Tom Schilling | Website

Debütpreis für Tom Schilling

Annäherung ans Unfassbare

Tom Schillings Geschichte ist der Versuch, dem Vergessenen nachzugehen und einen Menschen lebendig werden zu lassen, der aus seiner Wohnung, seiner Nachbarschaft und aus dem Leben verschwand. Was weiß man noch von ihm? Er habe einen Namen mit itzky am Ende gehabt.

Der Erzähler nähert sich der Person, indem er die Begebenheiten gleichsam filmisch von hinten aufrollt – bis hin zu den entscheidenden Stunden des Opfers. Dabei greift er verschiedene Blickrichtungen auf, um seiner Vorstellungen Substanz zu geben: Blickt auf das Wohnhaus, das inzwischen abgerissen ist. Fängt die Perspektive der ängstlich am Türspion verharrenden Mieter ein, sucht den Blick auf das Türschild des Mannes, der da abgeholt wird. An einem Morgen – die Kastanien beginnen zu knospen – im März 1943.

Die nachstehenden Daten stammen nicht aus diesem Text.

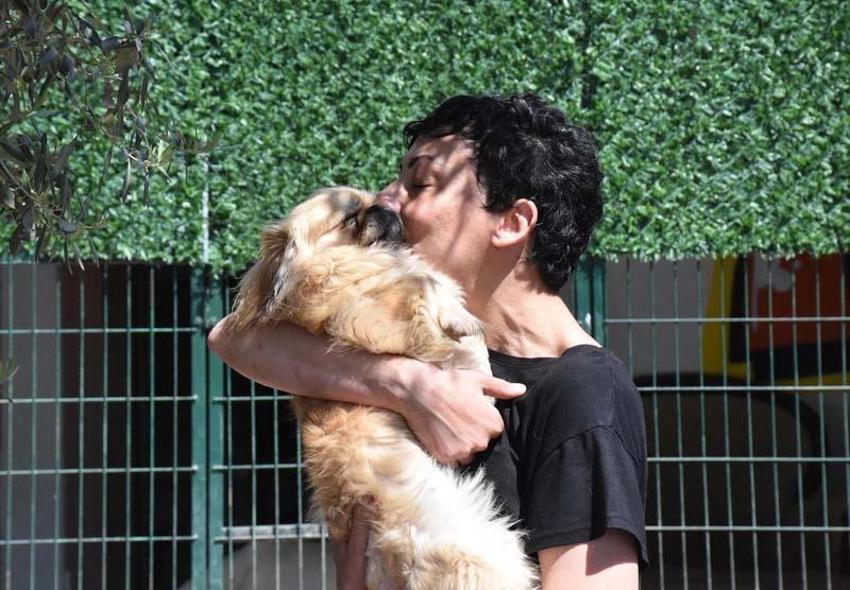 Can Bonomo'nun ablası, çiftliğinde 165 köpek ve 5 kedi ile yaşıyor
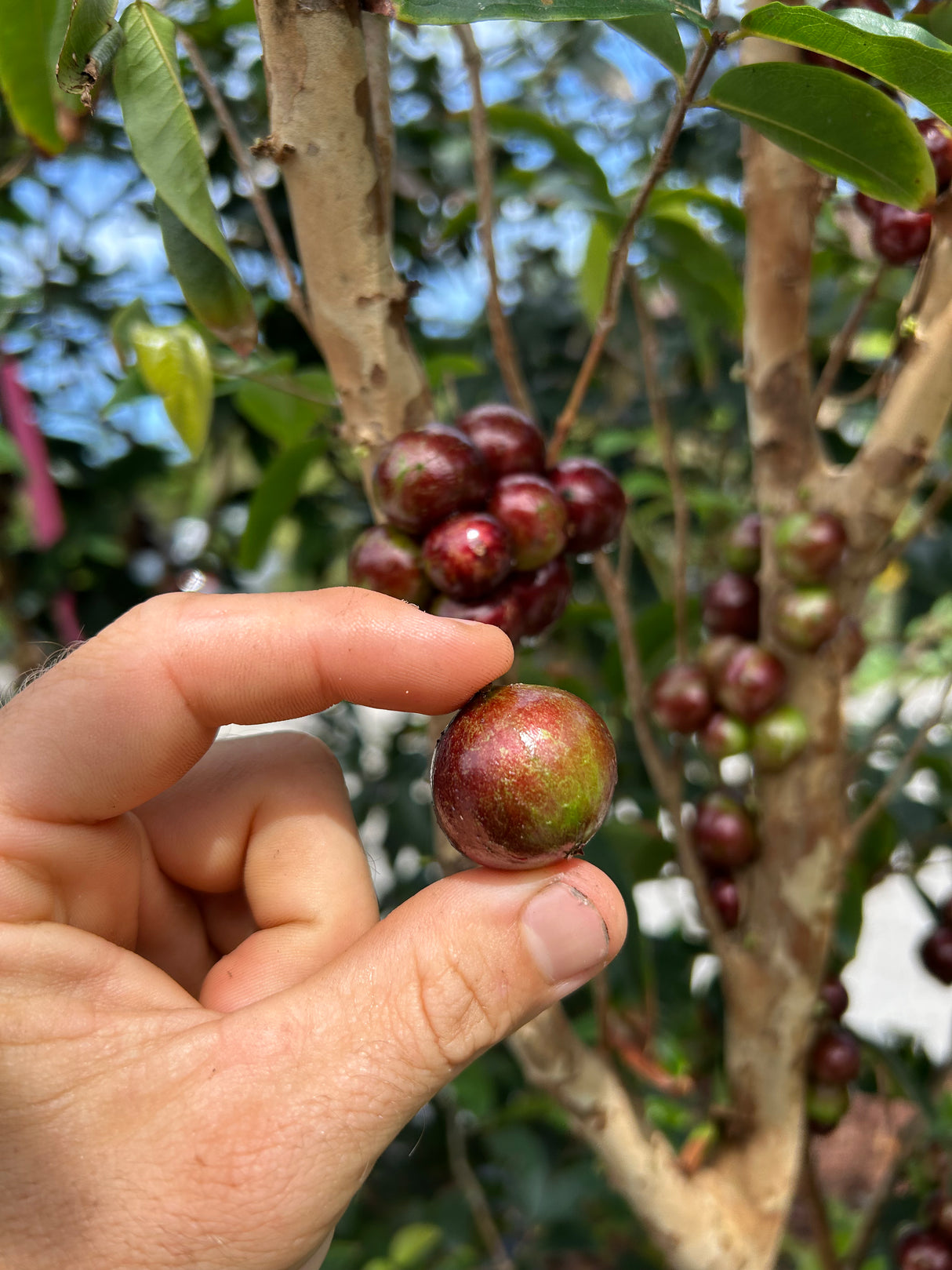 Jaboticaba Tree 'Scarlet'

Sein narrativer Count-down führt den Erzähler bis in die Wohnung des Jacob Czernitzky. Hier sehen wir die spartanische Einrichtung: „... ein Wandschrank, auf dem ein paar Bücher stehen eine Kommode, sie mag aus den 20er Jahren stammen, vielleicht ein Erbstück; (...) In der Mitte ein Tisch. Daran setzt sich der Jakob.“

„Ich stelle mir das so vor“, schreibt der Erzähler einmal, allerdings gelingt ihm mehr als das. Er gibt seiner Vorstellung eine glaubhafte Struktur und lässt den Prozess des Imaginierens zur Geschichte werden, zu einer sensiblen, behutsamen Geschichte, erzählt in einer ruhigen und genauen Sprache, die sich ganz in den Dienst des zu Erzählenden stellt. Keine einfache Geschichte, aber eine, die man mehrmals mit Gewinn lesen kann. Sie berührt, weil sie sich auf einen individuellen Ausschnitt des Unfassbaren konzentriert. Sie überzeugt, weil sich hier jemand mit außerordentlichem Respekt vor der Figur eines Themas annimmt, das schwerer als jedes andere zu behandeln ist.